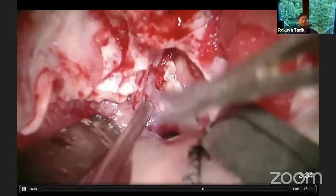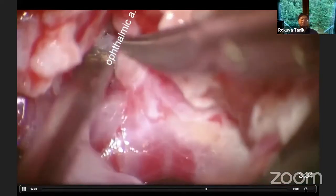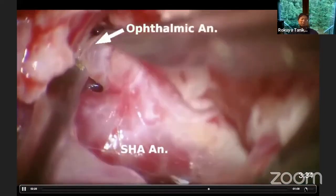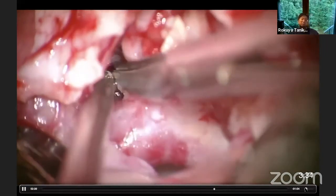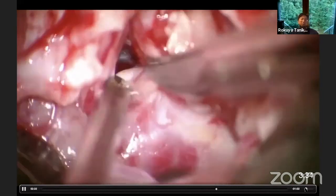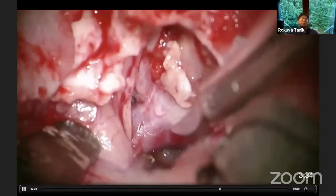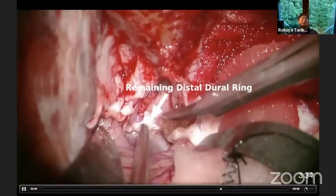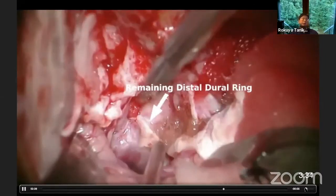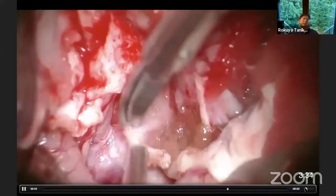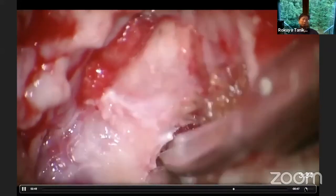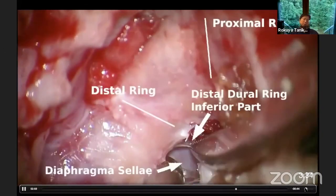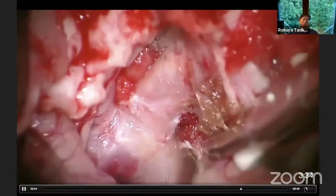Now almost all preparation is done. Then you can approach the aneurysm. The tiny aneurysm at the ophthalmic artery origin could be found — to be honest, I couldn't recognize it in the preoperative angiogram. This is the remaining flap of the distal dural ring, which can be detached from the carotid wall with sharp dissection. Now we can confirm the anatomy: the distal dural ring and the ophthalmic artery.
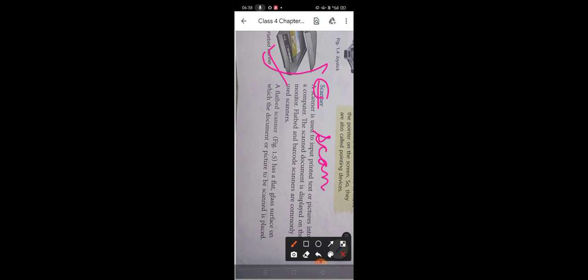Our next device is the scanner. It is used to scan. Whenever you have any text written or any picture — in your book, notebook, or anywhere — if you want that text or picture in your computer, you first need to scan it. When you scan the document using the scanner, it gets scanned and displayed on your monitor.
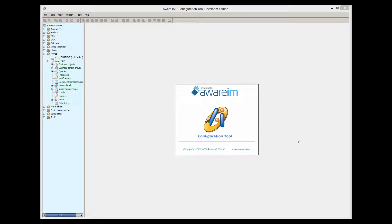In this video tutorial, I will show you how to write Java plugins for Aware.i.am.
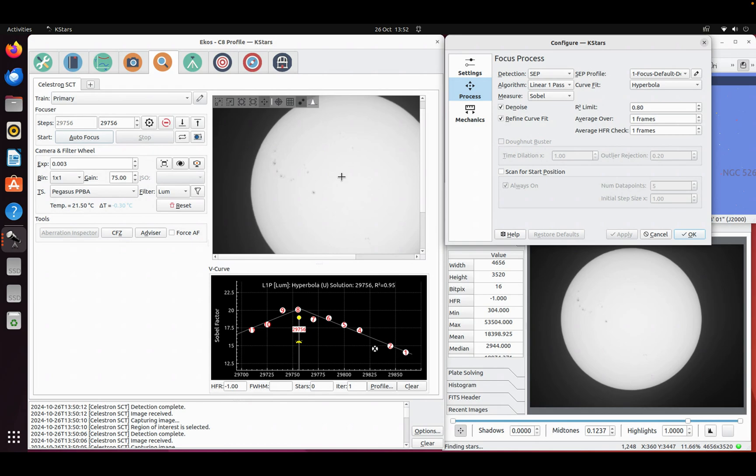As opposed to using stars as the measure of how good or bad your focus is, the new algorithms I've been putting in use just differences in contrast. So you need some sort of texture that goes in and out of focus for this to work. On the Sun today we've got some sunspots so I'm going to be using those.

> WHAT TO DO: Your copy should hold only the lines from the one containing "In this video" through the last line of the listing, both included, retyped exactly and free of pictures.

> TASK ANSWER:
In this video tutorial, I will show you how to write Java plugins for Aware.i.am.
As opposed to using stars as the measure of how good or bad your focus is, the new algorithms I've been putting in use just differences in contrast. So you need some sort of texture that goes in and out of focus for this to work. On the Sun today we've got some sunspots so I'm going to be using those.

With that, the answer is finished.